Summary
Following a consultation last year, the FCA and PRA have made some significant changes to the rules on variable remuneration that apply to certain senior individuals in dual-regulated firms. The new policy statement goes further than the original proposals, with one of the key changes being to allow bonuses to be paid sooner to Material Risk Takers (‘MRTs‘) than has previously been permitted. The new rules came into force with effect from 16 October 2025, allowing the affected firms to make immediate changes to their remuneration structures, should they choose to do so. The move was intended to align the UK approach more closely with other major jurisdictions and to simplify compliance with the remuneration rules. The FCA has stated that it is reviewing the effectiveness of its solo remuneration rules and will update in 2026 following industry and stakeholder engagement – so watch this space.
Which Firms Do These Changes Apply to?
These changes only apply to banks, building societies and PRA designated investment firms, whose remuneration practices are currently governed by the dual-regulated firms Remuneration Code (SYSC 19D in the FCA Handbook) and the remuneration part of the PRA Rulebook.
They do not apply to FCA solo-regulated firms whose remuneration practices are governed by the AIFM Remuneration Code (SYSC 19B), the UCITS Remuneration Code (SYCS 19E) and the MIFIDPRU Remuneration Code (SYSC 19G).
What Are the Key Changes?
- Deferral Period: The minimum period over which a proportion of bonus must be deferred is now 4 years for all MRTs. Previously, the deferral period was up to 7 years for individuals performing a Senior Management Function (‘SMFs‘).
- Earlier Vesting: Awards to SMFs will be allowed to vest on a pro-rata basis from the time of grant, rather than only starting to vest after 3 years.

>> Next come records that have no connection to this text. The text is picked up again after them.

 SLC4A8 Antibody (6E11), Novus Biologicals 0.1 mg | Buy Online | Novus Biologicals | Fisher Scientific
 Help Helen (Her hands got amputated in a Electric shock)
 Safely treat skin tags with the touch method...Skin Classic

- Proportion of Bonus that Must be Deferred Reduced: Previously, the proportion of bonus that had to be deferred was either 40% or 60% of the overall amount, depending on quantum of the bonus and seniority of the individual. A new marginal system has been introduced, meaning that 40% of any bonus up to £660,000 must be deferred, and 60% above that level. This ultimately means that a smaller proportion of the bonus must be deferred.
- More Flexibility to Pay Cash Up Front: It remains the case that bonuses must be split 50/50 between cash and non-cash instruments. The requirement that the upfront and deferred payments also had to be split 50/50 has now been removed, meaning that firms can choose to pay a greater proportion of cash up front and a greater proportion of the deferred bonus in non-cash instruments.

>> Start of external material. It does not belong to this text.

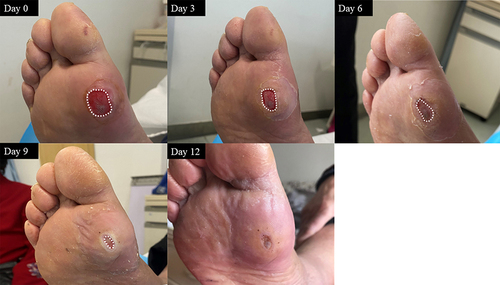 Figure 5 Representative images of the healing process in case 5.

- Simplified Identification of MRTs: The process for identifying MRTs has also been simplified.
When Do the Changes Come into Force?
The changes summarised above came into effect on 16 October 2025 and will apply for performance years that start after this date. The FCA and PRA have stated that firms may apply the new rules on an optional basis to the current performance year and/or to remuneration that has been awarded in previous performance years but not yet vested. Firms will need to decide whether or not to apply the rules for any in-flight performance year.